Long-awaited legislation to reform Michigan's insurance code is expected to be introduced within the next two weeks by Rep. Tom Leonard (R-Dewitt), chairman of the state insurance committee.
Ever since Detroit-based Blue Cross Blue Shield of Michigan won state approval in 2013 to convert into a nonprofit mutual health insurer from its 33-year run as the state's insurer of last resort, competing health insurers have been expecting the state to heed their calls to update and modernize the state's 60-year-old insurance code.
"We just want a level playing field," said Rick Murdock, executive director of 17-member Michigan Association of Health Plans.
In 2012, during the debate over Blue Cross conversion to a mutual, Murdock said without reforming the state insurance code, Blue Cross would only solidify its 70 percent-plus market dominance.
"These practical changes would allow health plans to bring products to market more quickly" and comply with Gov. Rick Snyder's call to streamline state government, said Dominick Pallone, MAHP's deputy director.
Leonard was unavailable for comment last week. The insurance code changes would affect chapters 34 to 37, which govern disability insurance policies, HMOs, group and blanket disability insurance and small group health coverage, respectively.

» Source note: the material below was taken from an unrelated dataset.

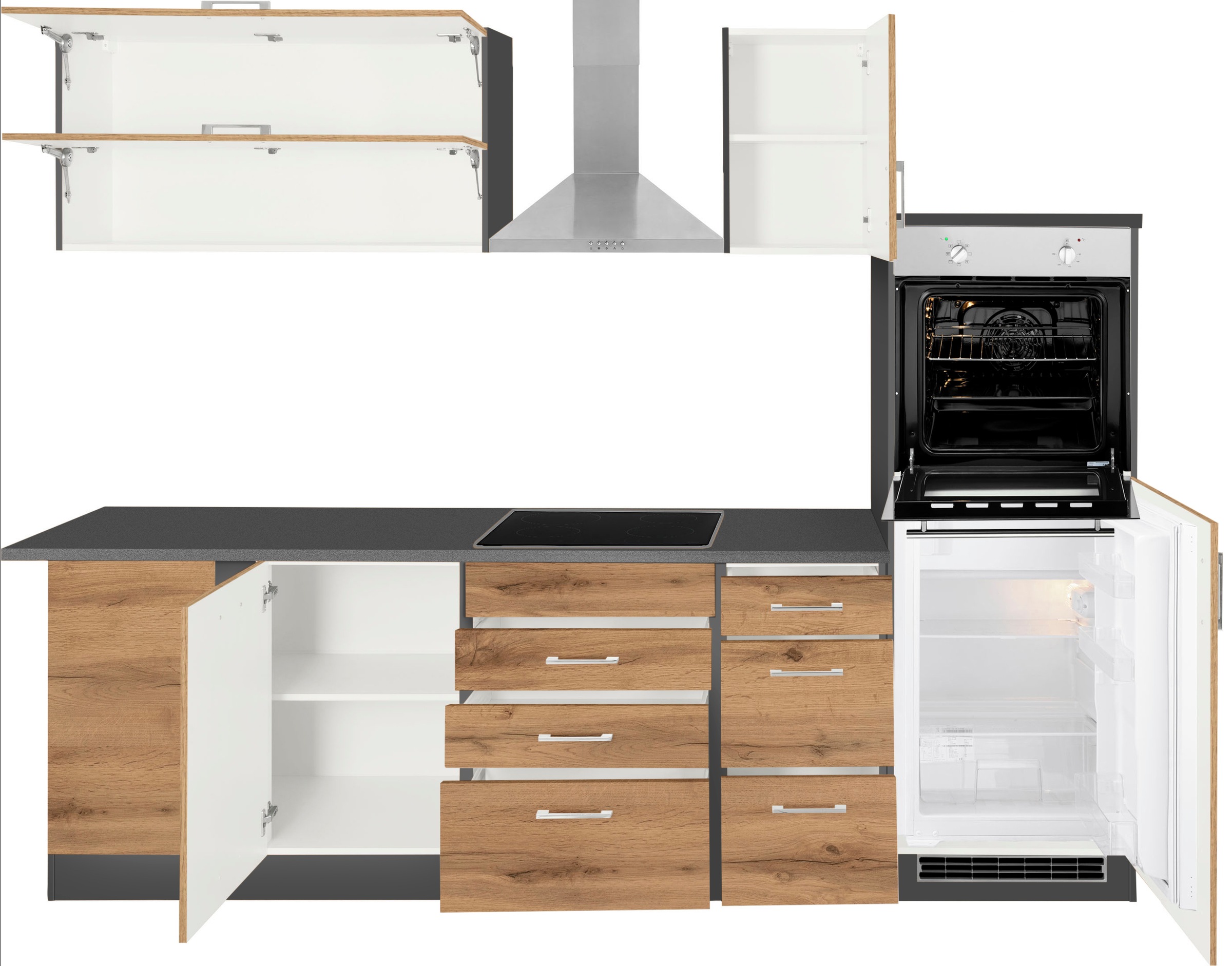 KOCHSTATION Winkelküche »KS-Colmar« ohne E-Geräte, Stellbreite 210/270 cm günstig online kaufen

Pallone said one major code change would allow HMOs to provide administrative services-only products to business customers through the HMO organization.
Current insurance code requires HMOs to set up separate subsidiaries to sell contracts to companies that wish to self-insure.
Murdock said the change would reduce costs and increase efficiency for the insurers, and allow employers to smoothly shift to a self-insured model within the same insurer if they wish.
Several HMOs already have set up separate companies, including Priority Health and Health Alliance Plan.
Another code change would grant the state Department of Insurance and Financial Services flexibility to approve product changes unless expressly prohibited under the code.
"This is a modernization approach. We'd like wellness plans to incentivize behaviors to encourage people to get healthier," Pallone said.
While Murdock said discussions have been held between stakeholder groups, including Blue Cross and auto insurers, only one change — time needed to complete rate approvals — has generated any controversy.
Pallone said MAHP wants the maximum time for DIFS to approve rates and product filings to be set at 60 days, which is what it is now. DIFS wants to extend that time to 90 days, he said.
"The insurance department says they need more time because all insurers submit information (for the insurance exchange) the first of the year" and the department is overloaded with work, Pallone said. "There may be a conflict there."
Andrea Miller, DIFS' public information officer, said negotiations with MAHP have been productive. "We will continue to discuss our need for additional approval time and hope we can come to an agreement on that as well," she said.
Other proposed changes to the insurance code include the following:
- Allow insurers to submit documents exclusively through electronic communication. Codes now require electronic and hard copies to the insurance department.
- Create a clear definition of a health insurer, which includes health maintenance organizations, or HMOs. This would avoid confusion between HMOs and health insurers, which also offer PPO products.
- Eliminate outdated requirements for insurers and HMOs to offer indemnity policies.
- Clarify that insurance mandates only apply to health insurance, not auto, life, property and casualty insurers.
- Add provisions that address problems when policyholders sign up for coverage, use the policies, but don't pay premiums.
- Enable Michigan to use its own external consumer complaint resolution process and allow 60 days for consumers to appeal decisions from insurers that could include coverage or referral denials.
- Centralize all codes regulating health insurance into chapter 35.